Hi,

2nd attempt. Does anyone have any comments on this add-on to upcalls?

Thanx
Manu

On 17/11/17, 11:17 AM, "Manohar Krishnappa Chidambaraswamy" 
<[email protected]> wrote:

    Hi,
    
    Does anyone have any comments on this add-on to upcalls?
    
    Thanx
    Manu
    
    On 10/11/17, 7:06 PM, "[email protected] on behalf of Manohar 
Krishnappa Chidambaraswamy" <[email protected] on behalf of 
[email protected]> wrote:
    
        In OVS-DPDK, both fast-path and slow-path execute in the context of a 
common
        thread (i.e, PMD thread), without any partitioning of CPU cycles 
between the
        two. When there is a burst of new flows coming into the data-path, 
packets
        are punted to slow-path in the order they are received and the PMD is 
busy
        for the duration of the upcall. Slow-path processing of a packet 
consumes
        100-200 times the cycles of fast-path handling. As a result, the 
forwarding
        performance of a PMD degrades significantly during an upcall burst. If 
the
        PMD was highly loaded already, it becomes temporarily overloaded and 
its rx
        queues start filling up. If the upcall burst is long enough, packets 
will be
        dropped when rx queues are full. This happens even if the new flows are
        unexpected and the slow-path decides to drop the packets.
        
        It is likely that most of the packets dropped due to rx queue overflow 
belong
        to established flows that should have been processed by the fast-path. 
Hence,
        the current OVS-DPDK architecture favors the handling of new flows over 
the
        forwarding of established flows. This is generally a sub-optimal 
approach.
        
        Without a limit to the rate of upcalls, OVS-DPDK is vulnerable for DoS 
attacks.
        But even sporadic bursts of e.g. unexpected multicast packets have 
shown to
        cause such packet drops.
        
        Proposed solution:
        ------------------
        This patch implements a mechanism to limit the rate of packets going 
into
        slow-path from fast-path in OVS-DPDK mode. A simple token bucket 
policer per
        packet processing thread (either PMD or non-PMD thread) restricts the 
flow
        of packets funneling from fast-path into slow-path, as shown below. So 
for
        each PMD (or non-PMD) thread, there is a limited amount of cycles 
carved out
        for its slow-path. This Upcall Policer allows only configured number of
        packets per second (pps) into handle_packet_upcall() which identifies 
the
        start of slow-path in OVS-DPDK. A packet entering slow-path has to take 
a
        token to get into slow-path and if no tokens are available, the packet 
is
        dropped and accounted per-PMD (or thread) under
        "ovs-appctl dpif-netdev/pmd-stats-show".
        
        pmd thread numa_id 0 core_id 2:
                emc hits:0
                megaflow hits:0
                avg. subtable lookups per hit:0.00
                miss:287572
                rate limit drops:xxxxx <<<<<<<<<<<<<
                lost:0
                idle cycles:14925072116 (43.81%)

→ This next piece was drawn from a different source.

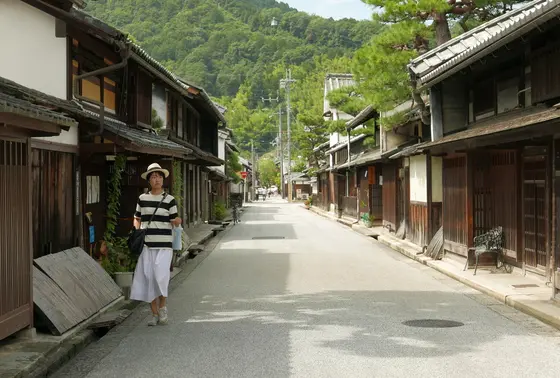 古い町並みが続く景観地区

                processing cycles:19140112904 (56.19%)
                avg cycles per packet: 118457.93 (34065185020/287572)
                avg processing cycles per packet: 66557.64 (19140112904/287572)

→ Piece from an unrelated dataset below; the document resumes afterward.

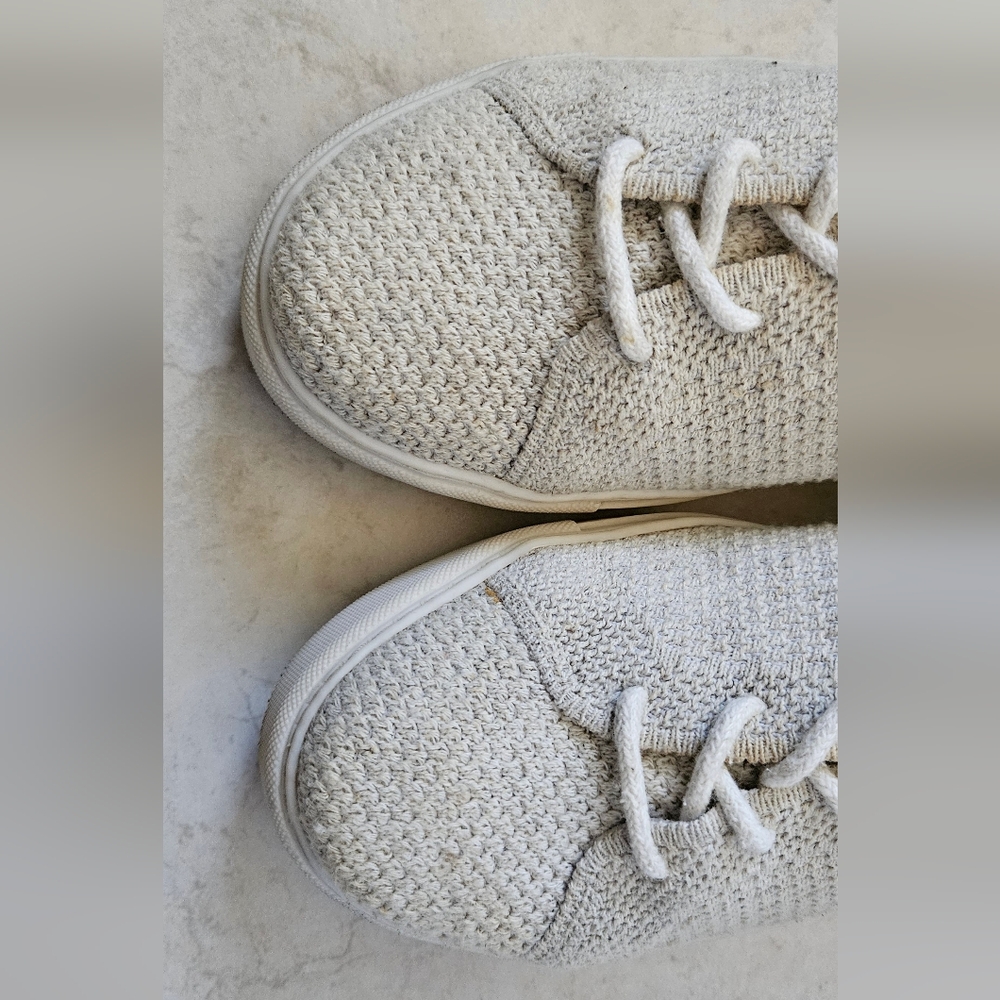 Nisolo Women's Go-To Eco-Knit Sneaker in linen size 6 - Picture 3 of 10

        NOTE: This is a sample output and may need adaptation based on new
        changes/proposals (if any) in progress.
        
        The upcall policer can be enabled and configured with the following
        parameters in the "Open_vSwitch" table as new items under other_config.

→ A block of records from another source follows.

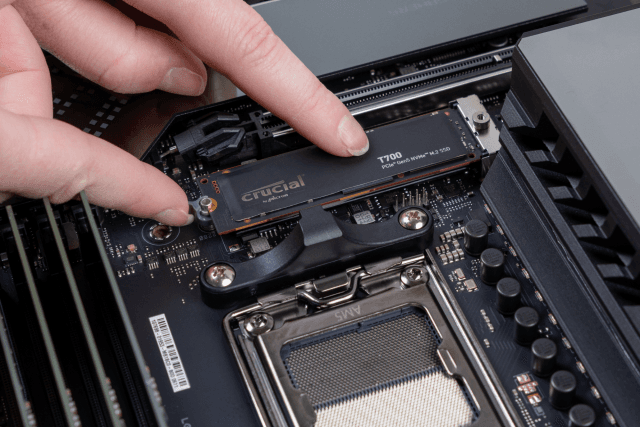 SSD/HDD Installation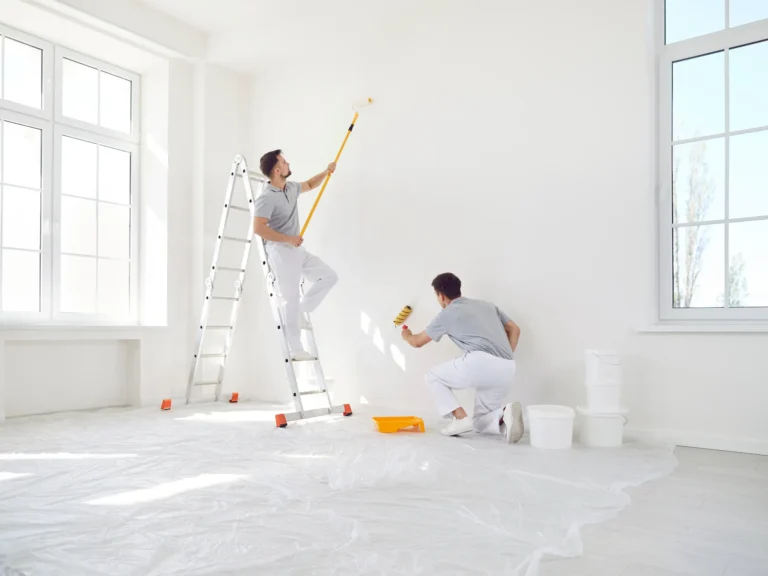 2 Maler die eine Wand streichen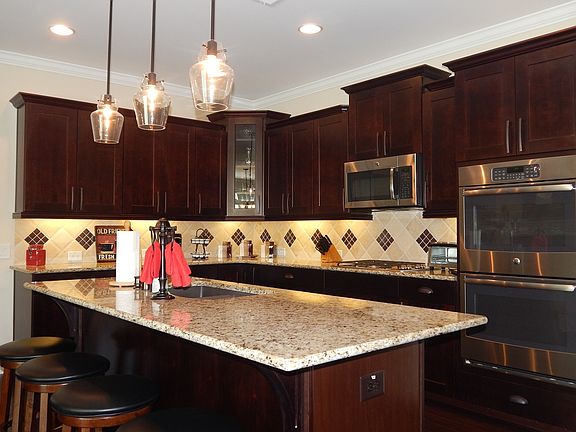 5th image of 219 Clover Ln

        These values are common for all packet processing threads (PMD or 
non-PMD),
        with each thread using the same configured value independently.
        
        1. ovs-vsctl set Open_vSwitch . other_config:upcall-rl=true
            - Global knob to enable/disable upcall ratelimiting for all 
non-PMD/PMD
              threads.
        2. ovs-vsctl set Open_vSwitch . other_config:upcall-rate=xxx
            - xxx is in packets per second (pps). This determines the token 
bucket's
              fill-rate.
        3. ovs-vsctl set Open_vSwitch . other_config:upcall-burst=xxx
            - xxx is the maximum burst of packets allowed at any time. This 
determines
              the token bucket's burst size.
        
        By default, this feature is disabled for backward compatibility and 
needs to be
        explicitly enabled (via global knob upcall-rl shown above). When 
enabled,
        default values (that are derived based on typical slow-path and 
fast-path
        performance measurements) will be used during init and can be 
overridden by the
        above knob/commands. Configured values for rate and burst would take 
effect only
        when the feature is enabled.
        
        The patch is based on an existing token bucket implementation in OVS.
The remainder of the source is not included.